Short text fragments from websites:
══════
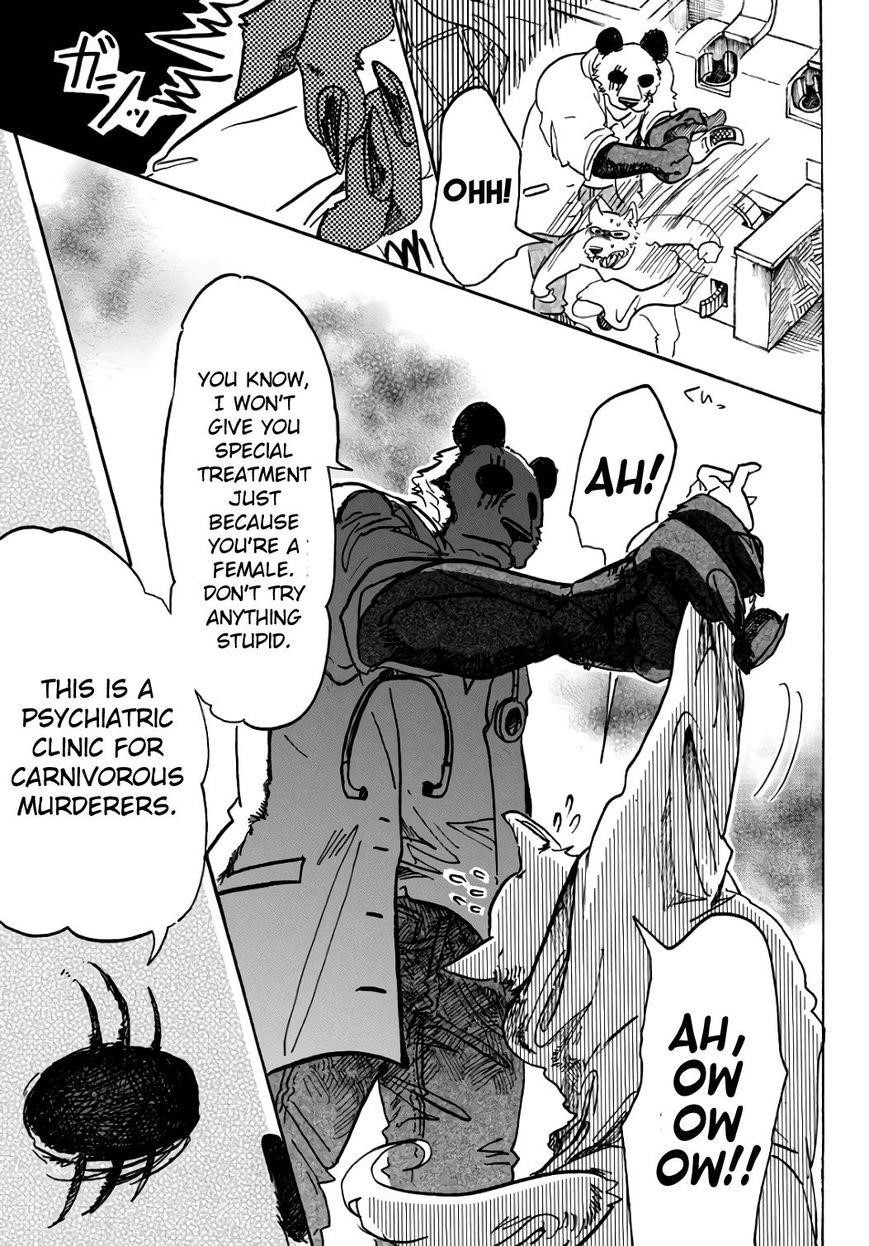 Beastars Chapter 86 - Page 5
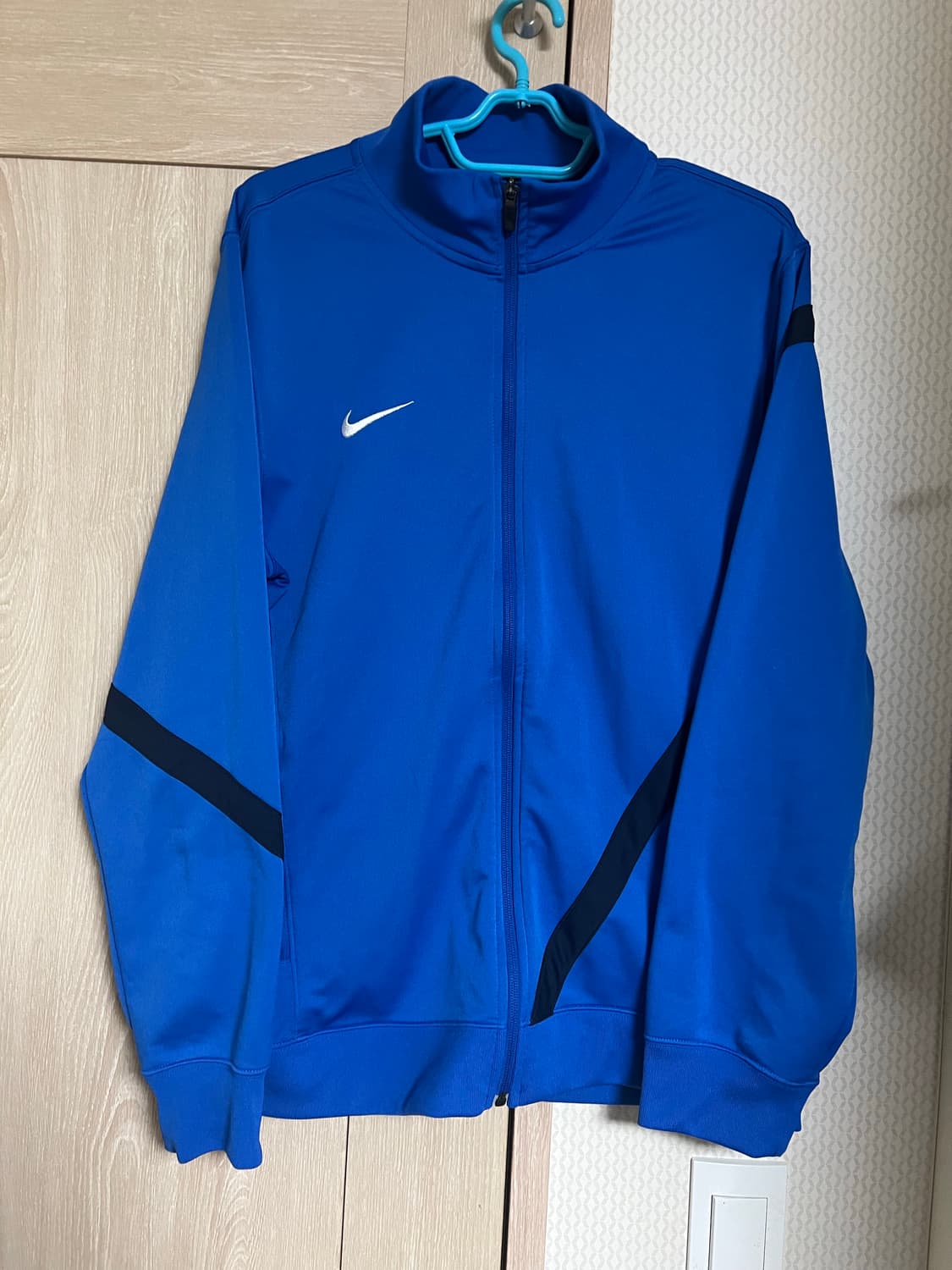 나이키 블루 져지 트랙탑 xl 상품이미지1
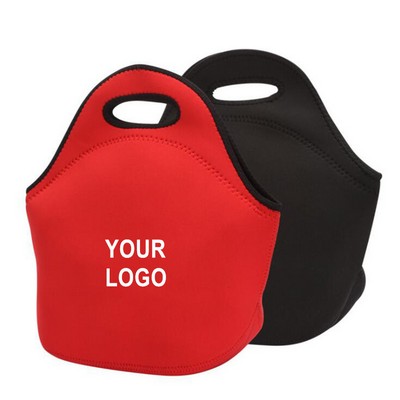 Lightweight Insulated Neoprene Lunch Tote Bag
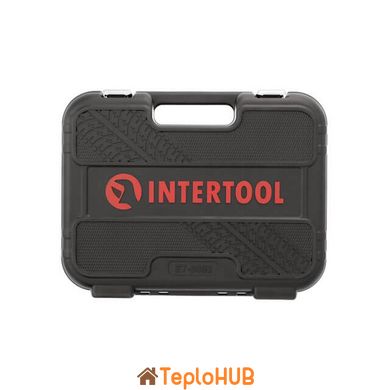 Набор инструментов 1/2" & 1/4", 82 ед., Cr-V STORM INTERTOOL ET-8082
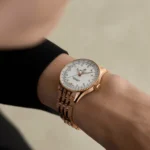 Replica Breitling Navitimer 36mm Ladies White Mother Of Pearl 18k Red Gold R17327211A1R1 - Image 4
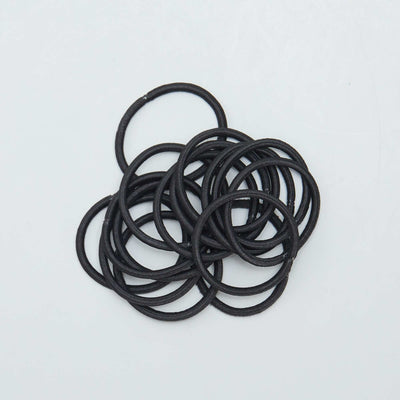 Lot de 15 lastiques Noir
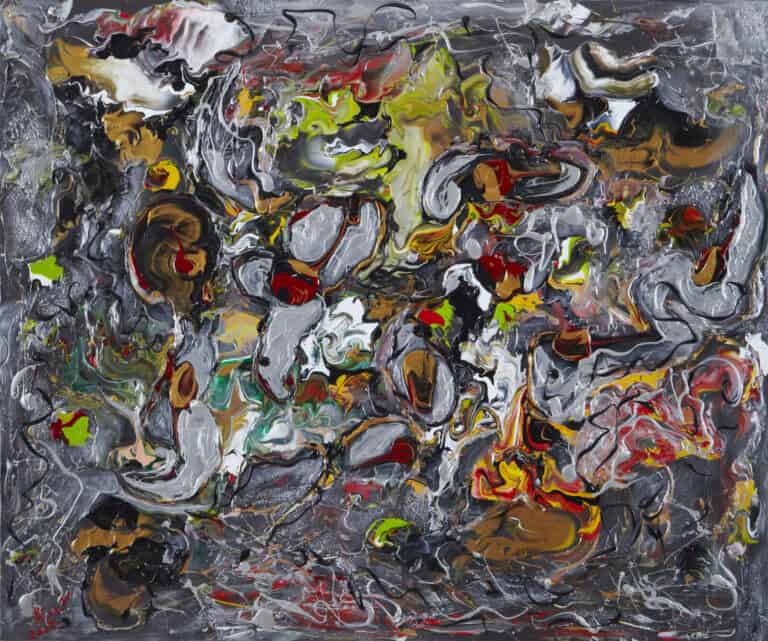 Copper canyon by Keren de Vreede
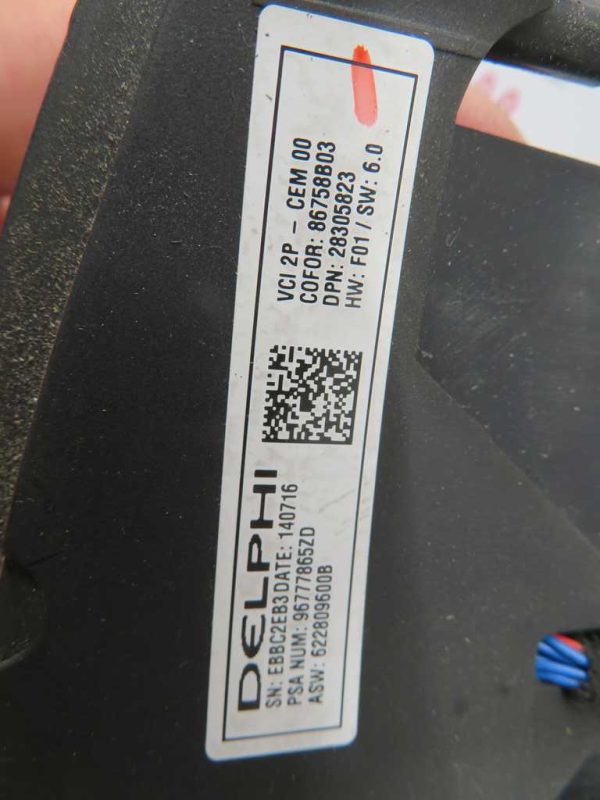 CITROEN C4 GRAND PICASSO L.16, STIKALA NA VOLANU - slika 2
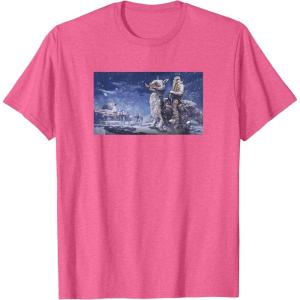 imageStar Wars The Empire Strikes Back Exclusive Luke Skywalker TShirtPink Heather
══════
> **What the task asks**
Nothing but the lines from the first line of the data above through the line holding "Lot de 15 lastiques Noir" may appear in the response, copied exactly and without pictures.

> **Output below**
 Beastars Chapter 86 - Page 5
 나이키 블루 져지 트랙탑 xl 상품이미지1
 Lightweight Insulated Neoprene Lunch Tote Bag
 Набор инструментов 1/2" & 1/4", 82 ед., Cr-V STORM INTERTOOL ET-8082
 Replica Breitling Navitimer 36mm Ladies White Mother Of Pearl 18k Red Gold R17327211A1R1 - Image 4
 Lot de 15 lastiques Noir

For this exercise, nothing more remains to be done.